Requirement —
Return exactly the lines of the entries that start at the line containing "3518 Dover Drive, Santa Cruz, CA 95065" and continue to the last line. Omit the pictures.

Material for the task —
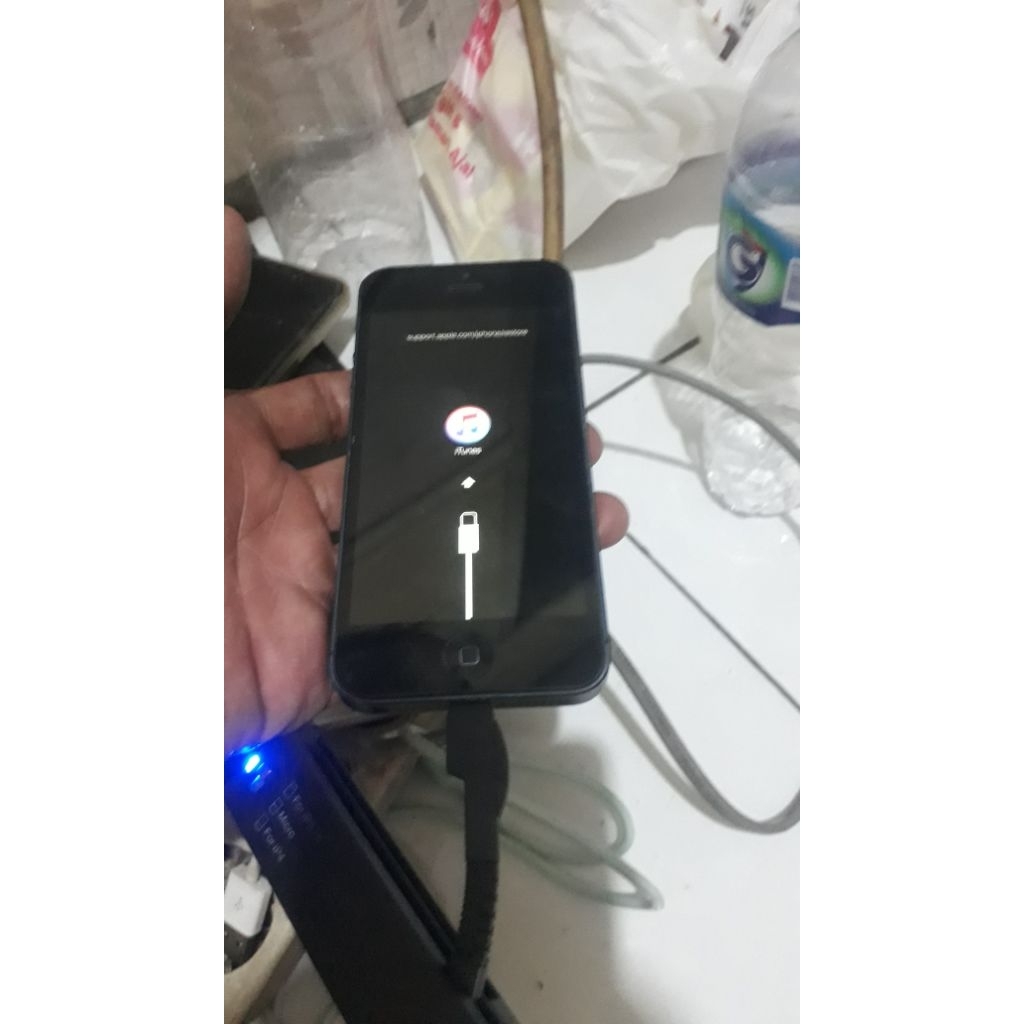 iphone 5s minus baca deskripsi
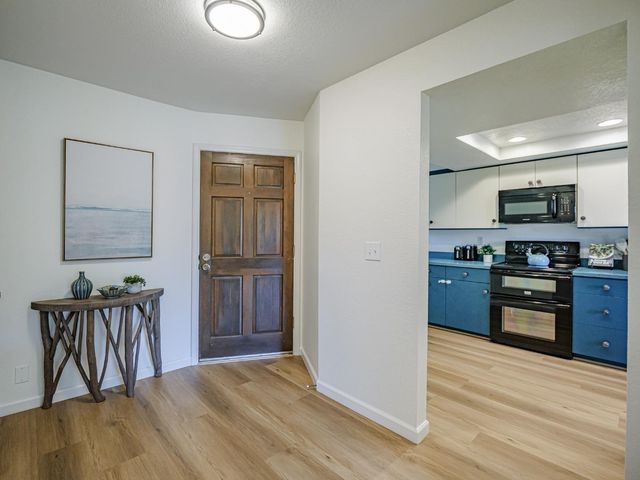 3518 Dover Drive, Santa Cruz, CA 95065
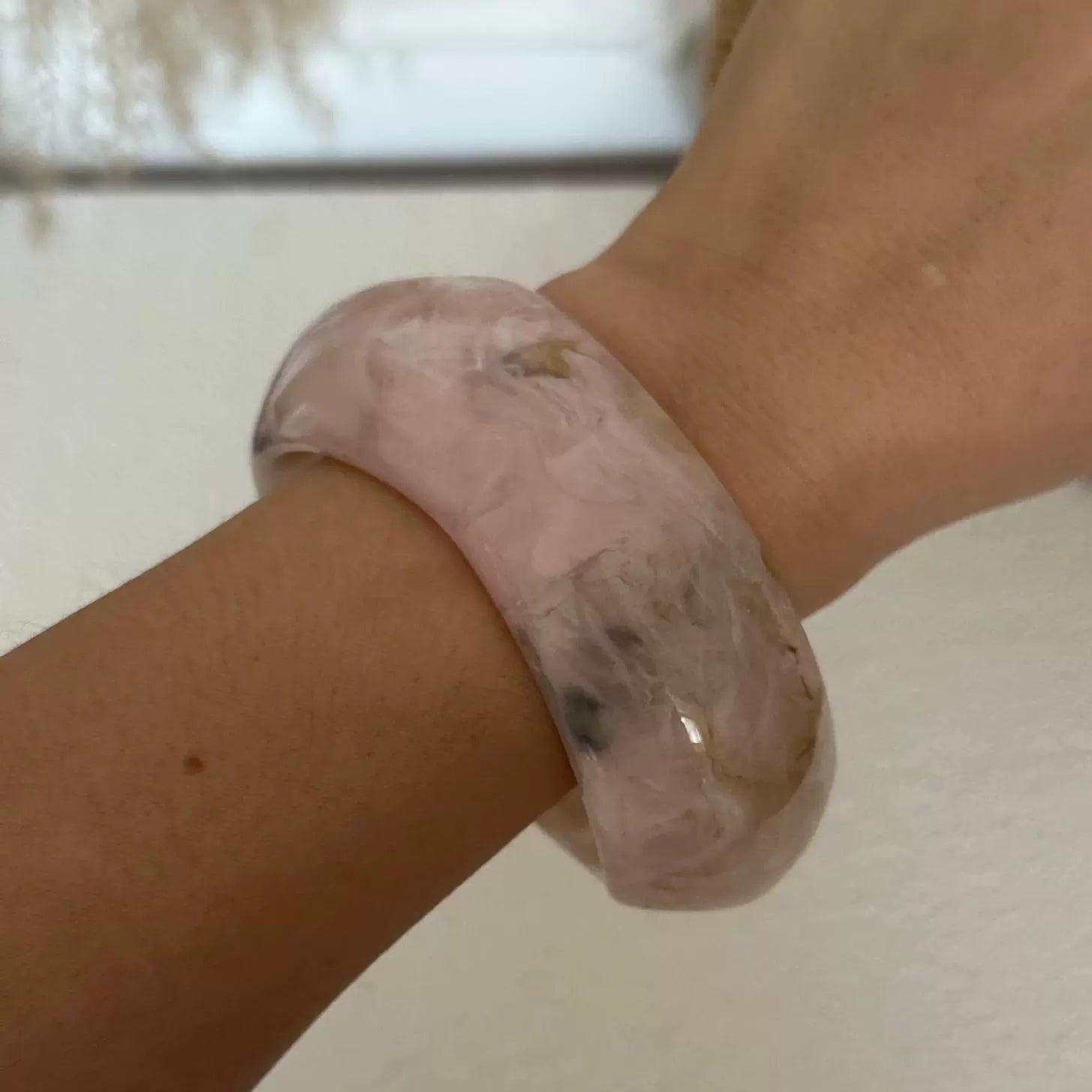 Just Lil Things Pink Marbled Resin Bangle – Glossy Swirl Design JLTB0912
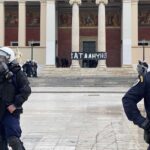 Ισχυρές δυνάμεις της ΕΛΑΣ περικύκλωσαν την κατειλημμένη πρυτανεία του ΕΚΠΑ [BINTEO]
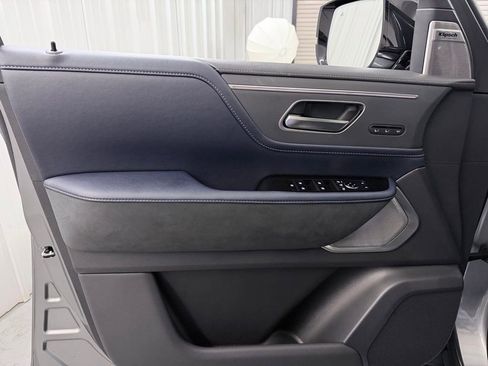 New 2026 INFINITI QX80 4WD image 10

Answer for the task —
 3518 Dover Drive, Santa Cruz, CA 95065
 Just Lil Things Pink Marbled Resin Bangle – Glossy Swirl Design JLTB0912
 Ισχυρές δυνάμεις της ΕΛΑΣ περικύκλωσαν την κατειλημμένη πρυτανεία του ΕΚΠΑ [BINTEO]
 New 2026 INFINITI QX80 4WD image 10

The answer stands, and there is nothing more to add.